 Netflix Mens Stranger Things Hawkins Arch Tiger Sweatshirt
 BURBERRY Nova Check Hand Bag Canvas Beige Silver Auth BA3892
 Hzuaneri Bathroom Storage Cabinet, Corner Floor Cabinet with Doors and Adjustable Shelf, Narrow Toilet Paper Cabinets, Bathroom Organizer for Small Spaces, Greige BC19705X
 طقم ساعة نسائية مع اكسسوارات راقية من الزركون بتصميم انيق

==

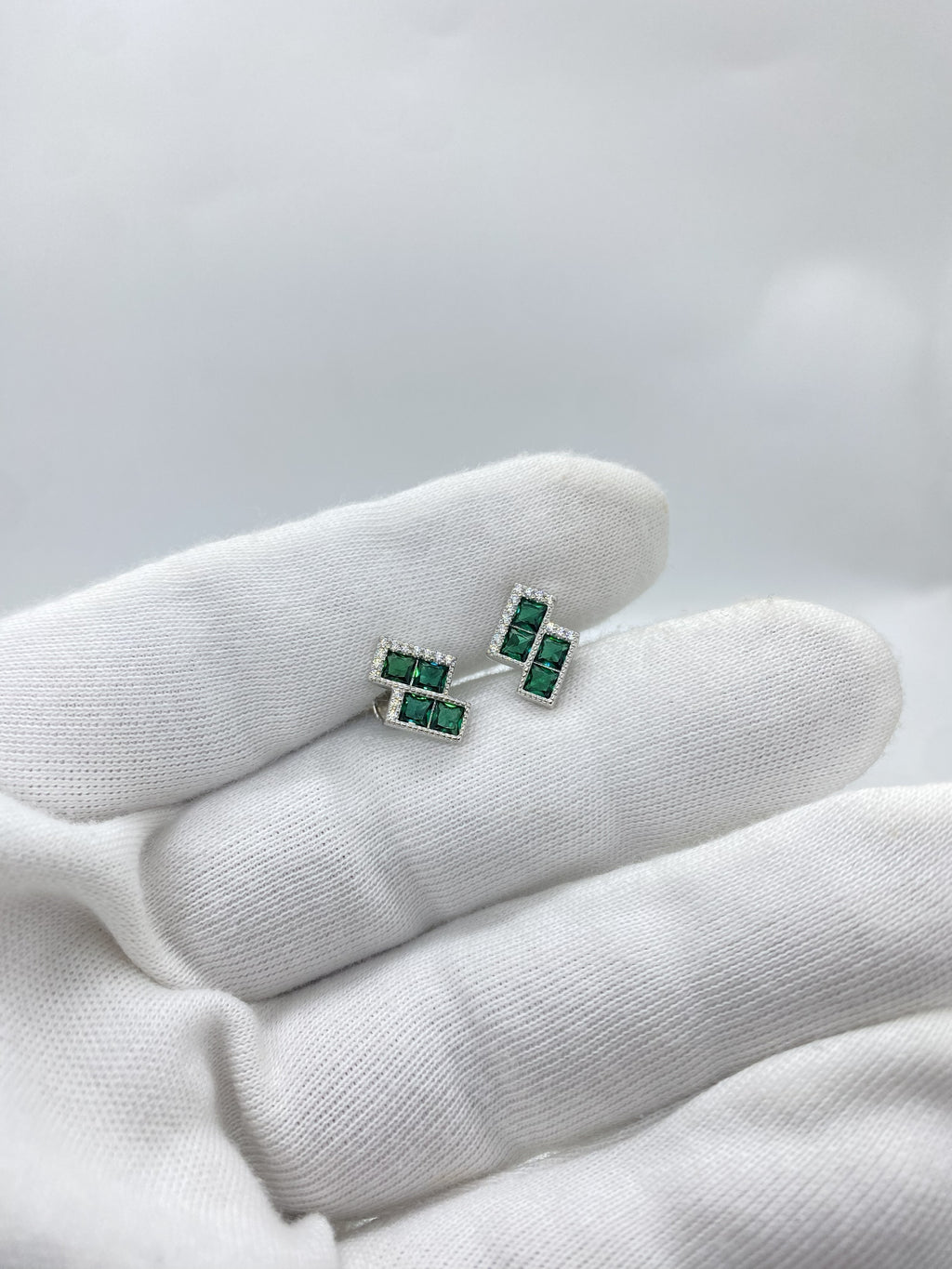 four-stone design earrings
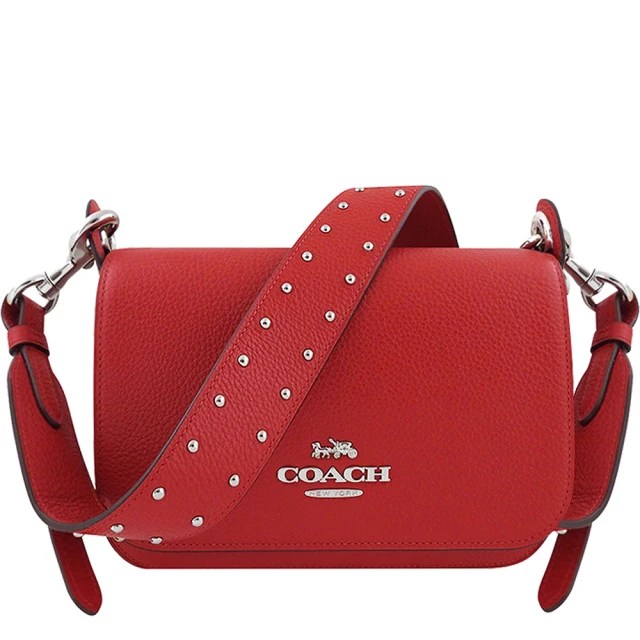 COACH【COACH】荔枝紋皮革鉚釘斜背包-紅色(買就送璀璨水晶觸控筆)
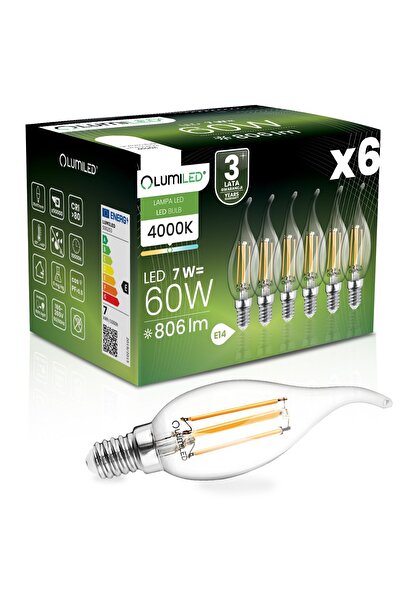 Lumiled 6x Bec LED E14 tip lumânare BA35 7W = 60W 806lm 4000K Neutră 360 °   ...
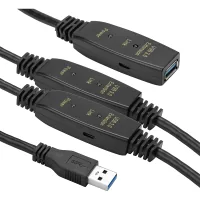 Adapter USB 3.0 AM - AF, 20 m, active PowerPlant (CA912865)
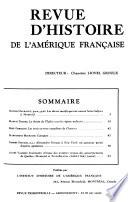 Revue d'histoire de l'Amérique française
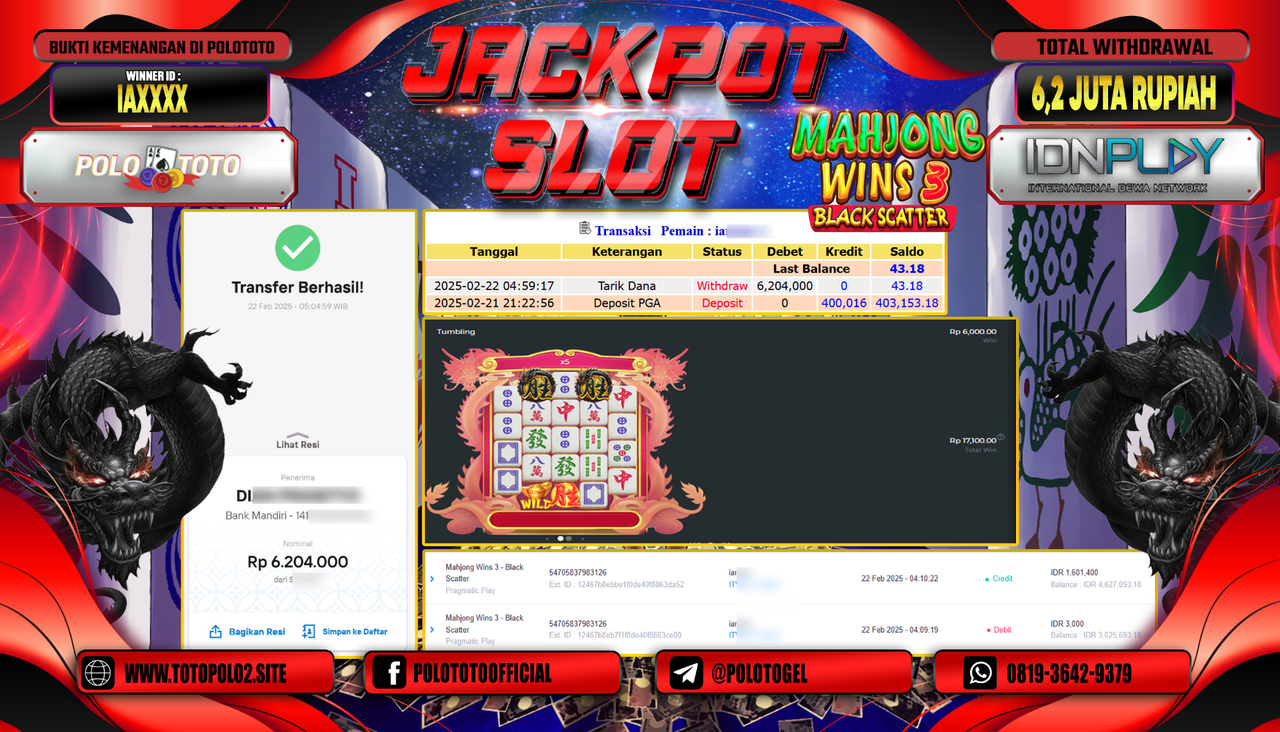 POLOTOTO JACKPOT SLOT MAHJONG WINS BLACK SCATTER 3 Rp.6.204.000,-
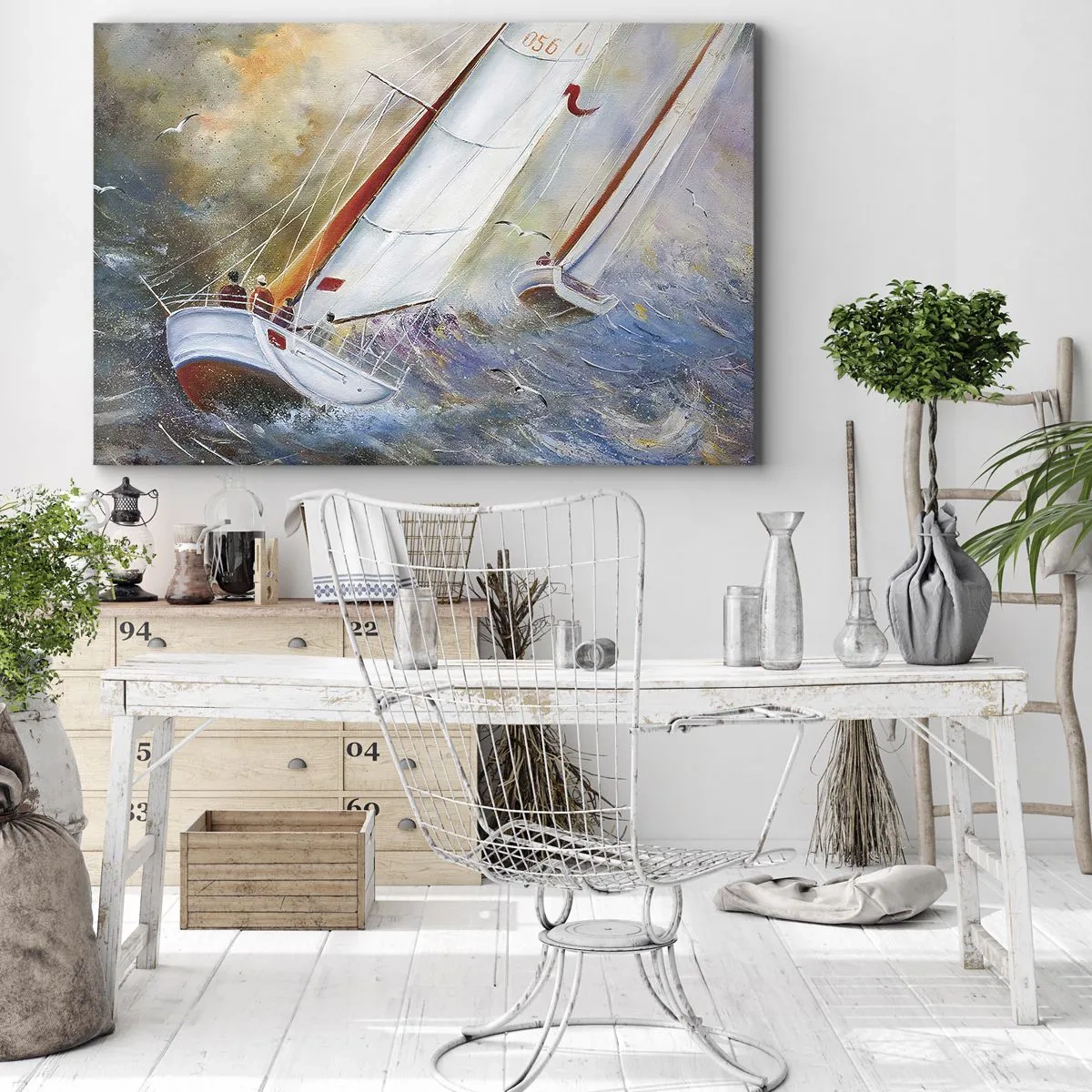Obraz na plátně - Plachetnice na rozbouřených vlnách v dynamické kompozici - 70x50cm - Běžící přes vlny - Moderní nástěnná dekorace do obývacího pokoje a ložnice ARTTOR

* * *

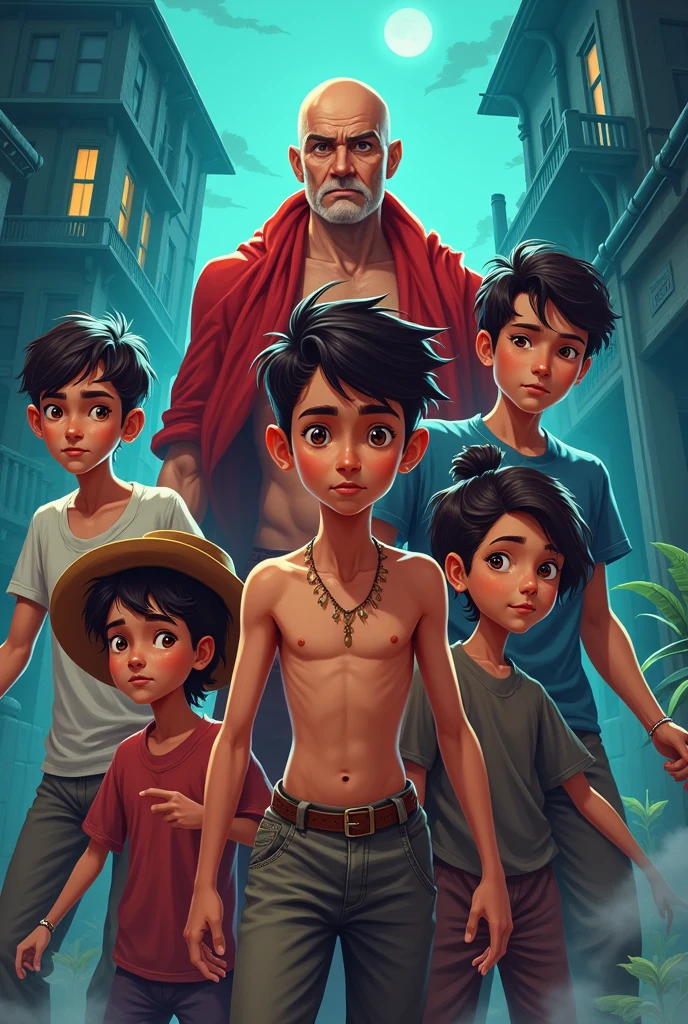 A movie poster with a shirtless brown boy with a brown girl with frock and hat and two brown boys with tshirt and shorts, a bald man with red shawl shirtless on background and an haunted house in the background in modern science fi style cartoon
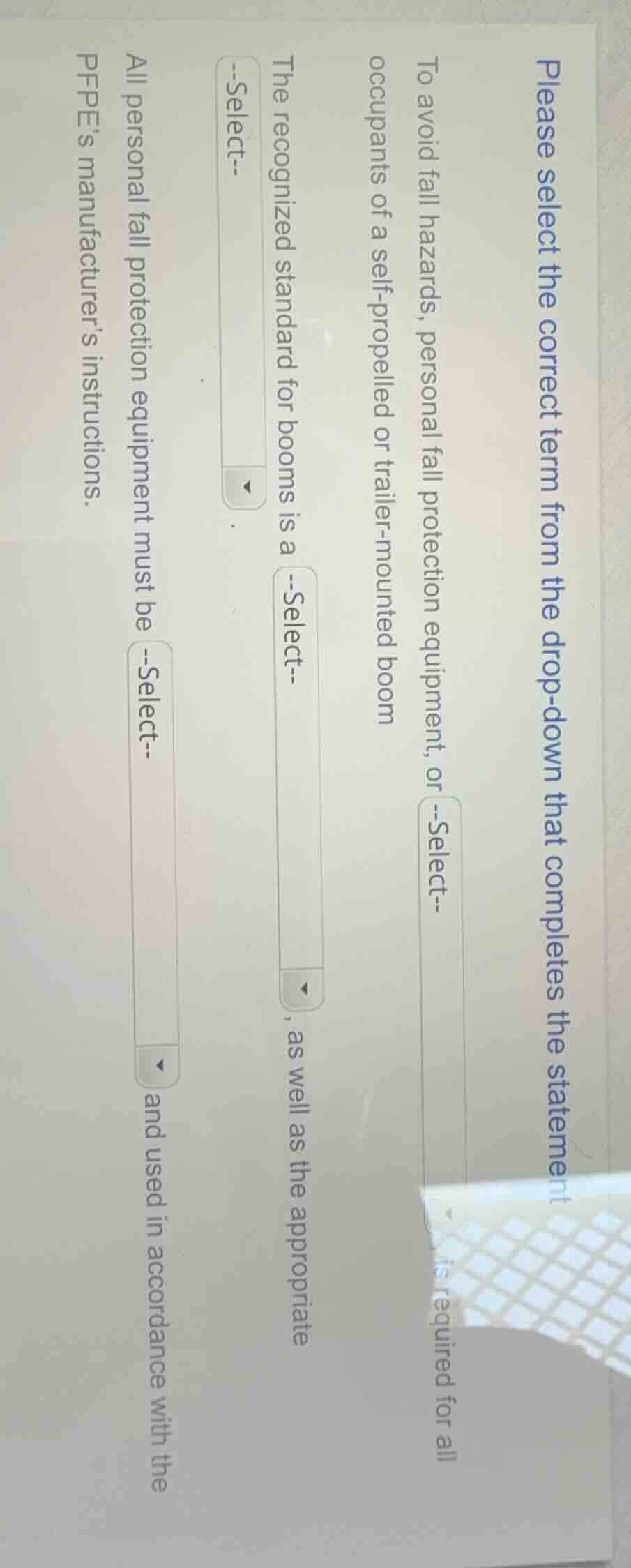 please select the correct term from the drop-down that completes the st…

### Requirement
While skipping the pictures, transcribe the data above from the line showing "Adapter USB 3.0" through the line showing "Obraz na plátně", exactly and with both ends.

### Response area
 Adapter USB 3.0 AM - AF, 20 m, active PowerPlant (CA912865)
 Revue d'histoire de l'Amérique française
 POLOTOTO JACKPOT SLOT MAHJONG WINS BLACK SCATTER 3 Rp.6.204.000,-
Obraz na plátně - Plachetnice na rozbouřených vlnách v dynamické kompozici - 70x50cm - Běžící přes vlny - Moderní nástěnná dekorace do obývacího pokoje a ložnice ARTTOR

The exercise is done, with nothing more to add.